EXERCISE INPUTS:

────────

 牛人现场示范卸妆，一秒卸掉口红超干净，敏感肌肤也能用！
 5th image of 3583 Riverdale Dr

────────

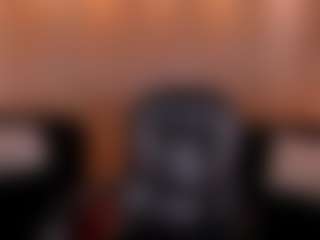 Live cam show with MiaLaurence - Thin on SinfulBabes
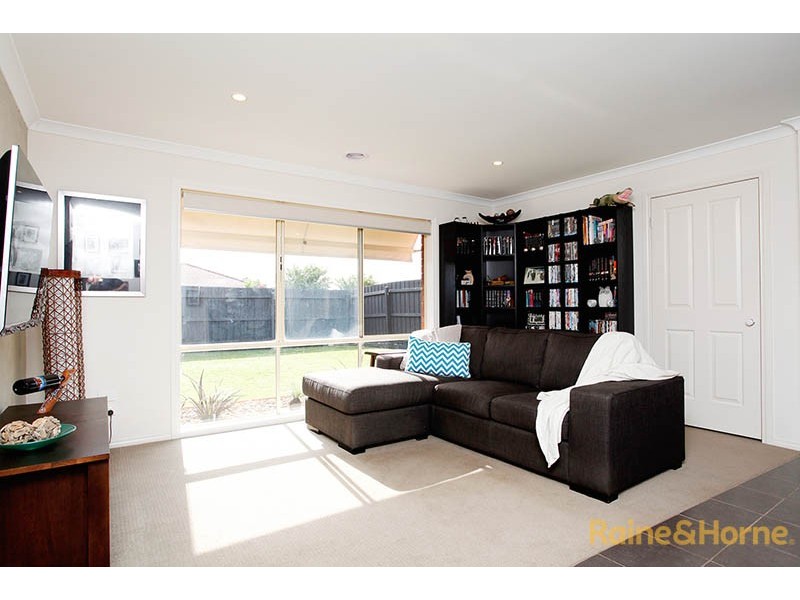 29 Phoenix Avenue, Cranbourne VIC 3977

────────

INSTRUCTIONS FOR THE TASK:
The answer is the lines of the material above, from the one containing "Live cam show" down to the one containing "29 Phoenix Avenue, Cranbourne VIC 3977", given exactly and without images.

OUTPUT BELOW:
 Live cam show with MiaLaurence - Thin on SinfulBabes
 29 Phoenix Avenue, Cranbourne VIC 3977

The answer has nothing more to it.